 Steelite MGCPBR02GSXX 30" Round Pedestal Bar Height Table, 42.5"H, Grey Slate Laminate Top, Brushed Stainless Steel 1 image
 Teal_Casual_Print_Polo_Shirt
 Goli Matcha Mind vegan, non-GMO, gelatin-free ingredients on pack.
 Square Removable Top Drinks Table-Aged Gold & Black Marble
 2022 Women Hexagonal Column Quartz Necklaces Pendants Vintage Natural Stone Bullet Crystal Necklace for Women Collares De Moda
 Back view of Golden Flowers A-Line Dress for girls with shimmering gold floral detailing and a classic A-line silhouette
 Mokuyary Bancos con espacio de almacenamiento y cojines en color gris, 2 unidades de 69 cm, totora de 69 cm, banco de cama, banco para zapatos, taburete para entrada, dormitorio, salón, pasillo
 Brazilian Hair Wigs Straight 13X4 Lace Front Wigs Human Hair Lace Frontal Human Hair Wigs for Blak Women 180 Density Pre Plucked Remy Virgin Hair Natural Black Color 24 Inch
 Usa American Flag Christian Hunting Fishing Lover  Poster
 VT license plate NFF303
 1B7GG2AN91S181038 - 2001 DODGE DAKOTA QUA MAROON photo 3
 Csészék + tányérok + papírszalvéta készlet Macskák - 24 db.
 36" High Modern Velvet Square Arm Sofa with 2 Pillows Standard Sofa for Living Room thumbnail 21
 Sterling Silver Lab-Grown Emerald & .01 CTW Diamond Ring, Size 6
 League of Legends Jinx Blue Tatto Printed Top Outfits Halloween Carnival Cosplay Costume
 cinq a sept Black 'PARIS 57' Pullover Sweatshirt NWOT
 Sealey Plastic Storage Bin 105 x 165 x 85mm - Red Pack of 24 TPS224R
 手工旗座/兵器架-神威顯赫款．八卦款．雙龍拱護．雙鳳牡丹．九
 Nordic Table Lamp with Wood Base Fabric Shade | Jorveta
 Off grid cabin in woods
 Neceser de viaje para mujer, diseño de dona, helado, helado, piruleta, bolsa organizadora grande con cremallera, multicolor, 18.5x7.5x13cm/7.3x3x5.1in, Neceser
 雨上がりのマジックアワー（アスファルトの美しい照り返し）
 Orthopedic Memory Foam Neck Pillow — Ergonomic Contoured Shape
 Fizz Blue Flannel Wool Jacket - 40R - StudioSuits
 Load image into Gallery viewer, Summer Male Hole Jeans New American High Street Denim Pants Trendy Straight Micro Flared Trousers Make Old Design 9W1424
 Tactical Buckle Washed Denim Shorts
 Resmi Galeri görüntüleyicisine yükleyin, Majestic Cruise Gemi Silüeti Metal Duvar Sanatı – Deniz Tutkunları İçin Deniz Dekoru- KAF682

--------------------------------

**How to complete this task**
Where a line of the listing holds "with", show that line.

**Answer space**
 Back view of Golden Flowers A-Line Dress for girls with shimmering gold floral detailing and a classic A-line silhouette
 36" High Modern Velvet Square Arm Sofa with 2 Pillows Standard Sofa for Living Room thumbnail 21
 Nordic Table Lamp with Wood Base Fabric Shade | Jorveta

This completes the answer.